◆ COLLECTED MATERIAL ◆
------------------------------------
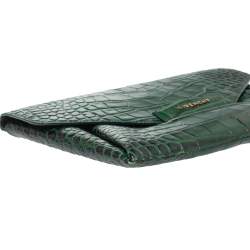 Pre Owned Givenchy Green Croc Embossed Leather Medium Antigona Envelope Clutch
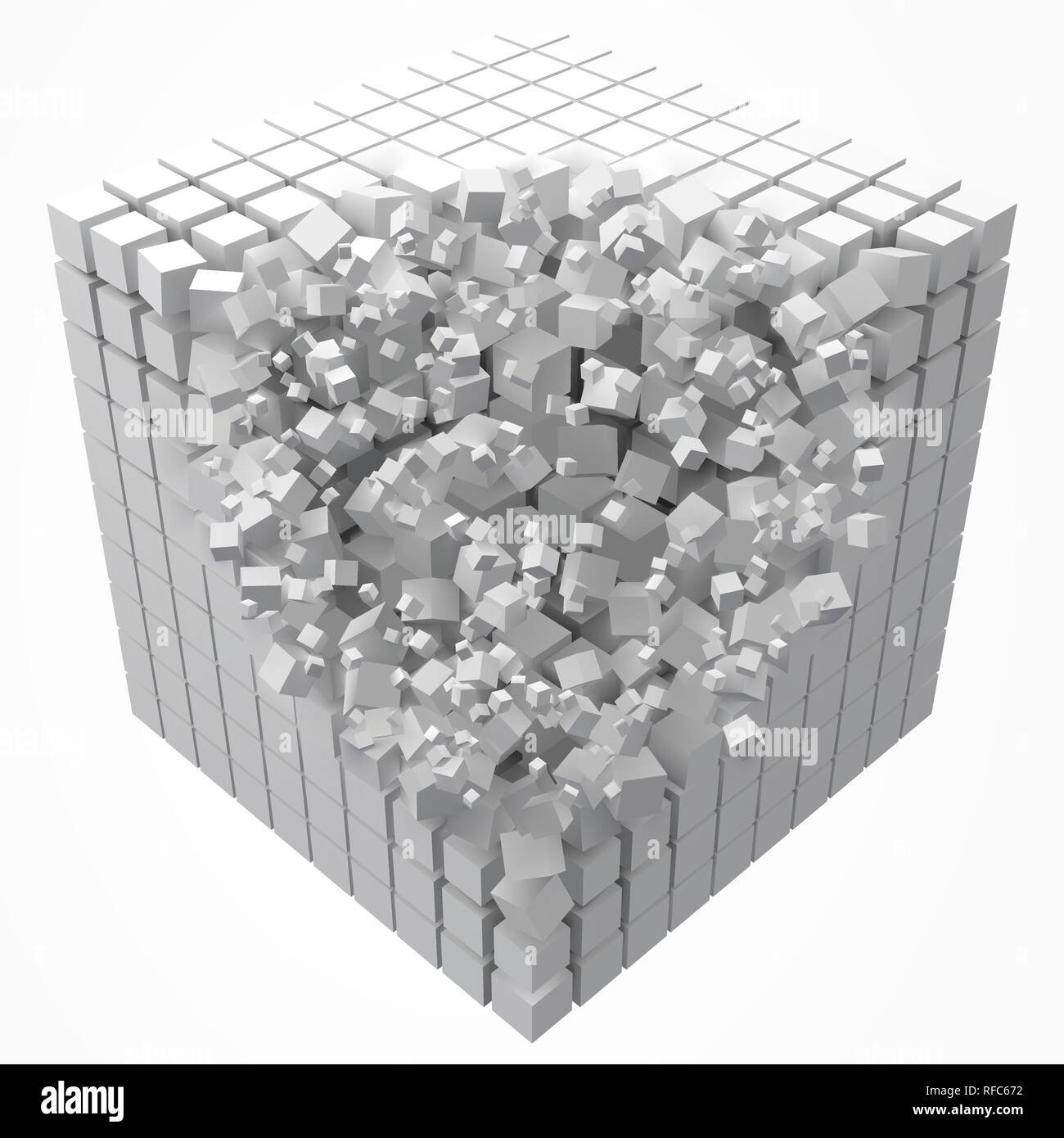 dissolving data block. made with smaller white cubes. 3d pixel style vector illustration. Stock Vector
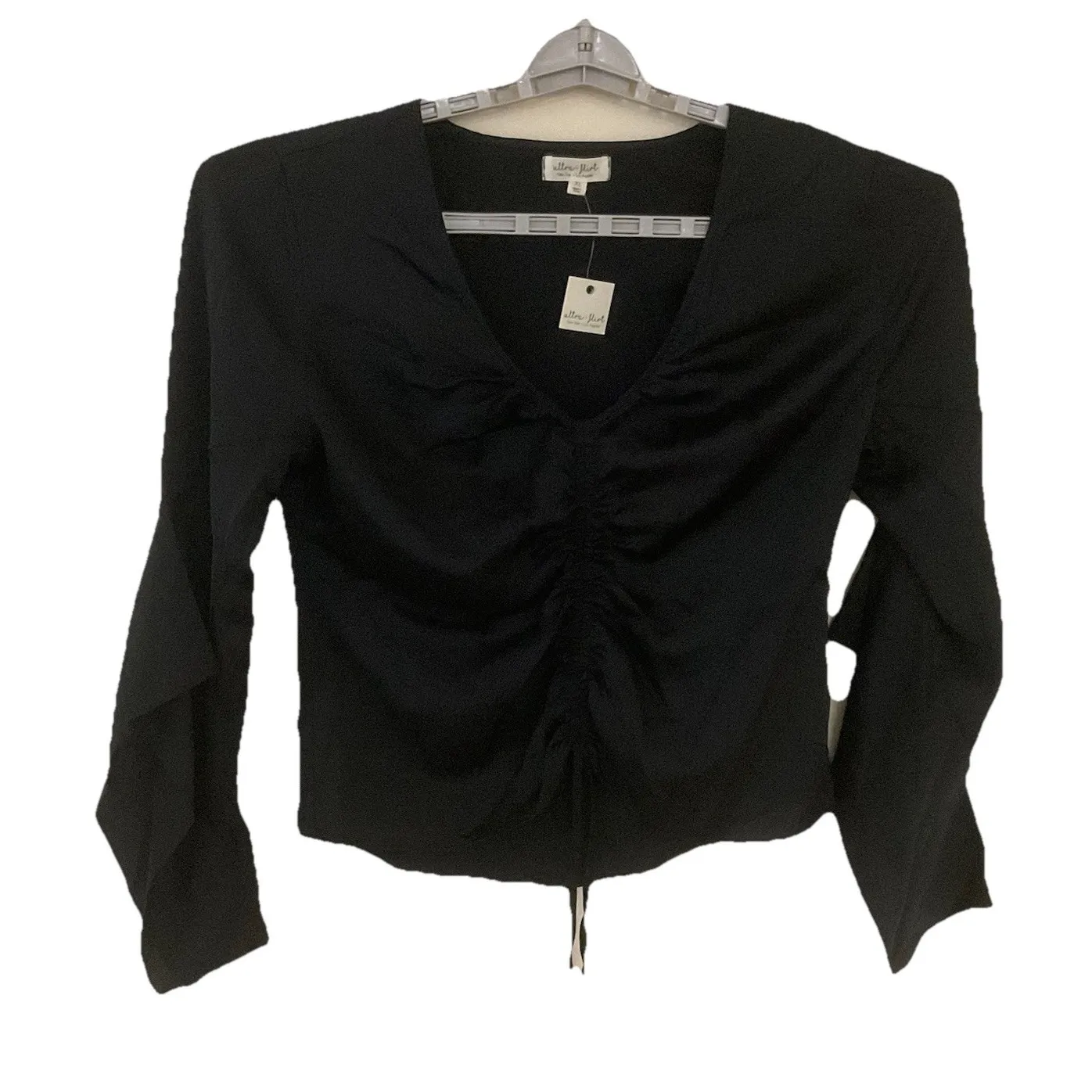 Ultra Flirt Women Junior LX‎ Top Black Long Sleeve V - Image 2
------------------------------------
◆ HOW TO COMPLETE THIS TASK ◆
Every line from the one with "dissolving data block." through the last line of the listing above must be written out exactly, and no picture may appear.

◆ RESPONSE BOX ◆
 dissolving data block. made with smaller white cubes. 3d pixel style vector illustration. Stock Vector
 Ultra Flirt Women Junior LX‎ Top Black Long Sleeve V - Image 2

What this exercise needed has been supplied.